→ TASK TO COMPLETE: Output nothing but the lines from the first line of the entries to the line with "Certified 2025 Honda", inclusive, exactly as they read.

[Dataset records]
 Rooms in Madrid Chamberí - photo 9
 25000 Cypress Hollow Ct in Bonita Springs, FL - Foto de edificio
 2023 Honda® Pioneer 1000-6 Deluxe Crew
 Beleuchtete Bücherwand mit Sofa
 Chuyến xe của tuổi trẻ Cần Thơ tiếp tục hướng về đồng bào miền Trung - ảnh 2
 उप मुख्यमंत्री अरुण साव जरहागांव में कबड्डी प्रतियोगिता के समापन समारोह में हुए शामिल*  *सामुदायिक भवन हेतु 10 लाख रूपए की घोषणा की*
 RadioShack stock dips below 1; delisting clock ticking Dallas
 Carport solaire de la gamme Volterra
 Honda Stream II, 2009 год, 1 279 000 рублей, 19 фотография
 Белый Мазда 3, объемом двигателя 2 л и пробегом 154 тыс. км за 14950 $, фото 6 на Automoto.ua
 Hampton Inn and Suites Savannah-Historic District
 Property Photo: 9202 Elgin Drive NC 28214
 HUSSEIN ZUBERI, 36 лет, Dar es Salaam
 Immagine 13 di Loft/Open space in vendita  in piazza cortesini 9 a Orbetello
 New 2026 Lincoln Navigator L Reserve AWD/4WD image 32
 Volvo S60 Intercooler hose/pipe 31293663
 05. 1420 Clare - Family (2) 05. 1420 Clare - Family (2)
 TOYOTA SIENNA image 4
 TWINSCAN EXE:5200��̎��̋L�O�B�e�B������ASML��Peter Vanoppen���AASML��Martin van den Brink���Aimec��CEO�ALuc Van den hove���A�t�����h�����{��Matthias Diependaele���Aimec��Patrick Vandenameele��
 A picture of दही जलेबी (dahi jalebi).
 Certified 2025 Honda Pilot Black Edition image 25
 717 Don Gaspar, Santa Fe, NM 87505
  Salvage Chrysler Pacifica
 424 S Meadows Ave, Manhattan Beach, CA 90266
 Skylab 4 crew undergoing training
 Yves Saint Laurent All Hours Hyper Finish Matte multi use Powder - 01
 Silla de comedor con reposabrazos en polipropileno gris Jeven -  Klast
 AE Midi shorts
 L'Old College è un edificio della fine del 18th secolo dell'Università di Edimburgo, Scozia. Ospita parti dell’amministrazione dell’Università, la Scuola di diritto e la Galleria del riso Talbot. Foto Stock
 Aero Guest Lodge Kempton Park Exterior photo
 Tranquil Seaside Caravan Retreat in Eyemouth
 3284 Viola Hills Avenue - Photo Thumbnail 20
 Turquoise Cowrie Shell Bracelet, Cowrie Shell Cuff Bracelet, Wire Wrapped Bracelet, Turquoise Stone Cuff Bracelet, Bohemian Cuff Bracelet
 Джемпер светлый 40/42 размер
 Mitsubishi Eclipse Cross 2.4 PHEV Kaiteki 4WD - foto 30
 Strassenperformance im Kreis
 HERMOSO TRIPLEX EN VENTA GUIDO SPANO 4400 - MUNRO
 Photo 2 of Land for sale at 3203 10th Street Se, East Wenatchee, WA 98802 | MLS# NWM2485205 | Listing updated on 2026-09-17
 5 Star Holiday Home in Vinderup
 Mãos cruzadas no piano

→ SOLUTION TO THIS TASK:
 Rooms in Madrid Chamberí - photo 9
 25000 Cypress Hollow Ct in Bonita Springs, FL - Foto de edificio
 2023 Honda® Pioneer 1000-6 Deluxe Crew
 Beleuchtete Bücherwand mit Sofa
 Chuyến xe của tuổi trẻ Cần Thơ tiếp tục hướng về đồng bào miền Trung - ảnh 2
 उप मुख्यमंत्री अरुण साव जरहागांव में कबड्डी प्रतियोगिता के समापन समारोह में हुए शामिल*  *सामुदायिक भवन हेतु 10 लाख रूपए की घोषणा की*
 RadioShack stock dips below 1; delisting clock ticking Dallas
 Carport solaire de la gamme Volterra
 Honda Stream II, 2009 год, 1 279 000 рублей, 19 фотография
 Белый Мазда 3, объемом двигателя 2 л и пробегом 154 тыс. км за 14950 $, фото 6 на Automoto.ua
 Hampton Inn and Suites Savannah-Historic District
 Property Photo: 9202 Elgin Drive NC 28214
 HUSSEIN ZUBERI, 36 лет, Dar es Salaam
 Immagine 13 di Loft/Open space in vendita  in piazza cortesini 9 a Orbetello
 New 2026 Lincoln Navigator L Reserve AWD/4WD image 32
 Volvo S60 Intercooler hose/pipe 31293663
 05. 1420 Clare - Family (2) 05. 1420 Clare - Family (2)
 TOYOTA SIENNA image 4
 TWINSCAN EXE:5200��̎��̋L�O�B�e�B������ASML��Peter Vanoppen���AASML��Martin van den Brink���Aimec��CEO�ALuc Van den hove���A�t�����h�����{��Matthias Diependaele���Aimec��Patrick Vandenameele��
 A picture of दही जलेबी (dahi jalebi).
 Certified 2025 Honda Pilot Black Edition image 25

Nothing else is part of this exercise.